Moths inspire the solution for screen glare problem
A STEALTH capability that helps moths avoid predators could lead to smartphones and tablets that are easier to read outside.
Moths’ eyes are covered with tiny structures that prevent them reflecting light and alerting night-time hunters looking for a meal. They also help the insects see in the dark.
Scientists have copied the moth nanotechnology to produce an antireflective film that allows words and images to show up clearly on mobile devices even in bright sunlight.
The film reflects just 0.23 per cent of the light falling on it, far less than the 4.4 per cent reflected from the surface of an iphone. Strong light bouncing off a screen washes out the display, making it necessary to run for shade to check your emails.
Dr Shin-tson Wu, lead researcher from the College of Optics and Photonics at the University of Central Florida, said: “Using our flexible antireflection film on smartphones and tablets will make the screen bright and sharp, even when viewed outside.
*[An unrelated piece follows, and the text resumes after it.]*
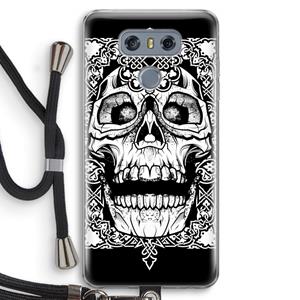 CaseCompany Seek & Destroy: LG G6 Transparant Hoesje met koord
“In addition to exhibiting low reflection, our nature-inspired film is also scratch resistant and self-cleaning, which would protect touch screens from dust and fingerprints.”
The technology is described in latest issue of the journal Optica. To get round the reflection problem, many smartphones use a sensor to detect bright ambient light and boost screen brightness. While this improves readability, it also drains battery power.
Looking for a better solution, the researchers eventually decided to seek lessons from nature.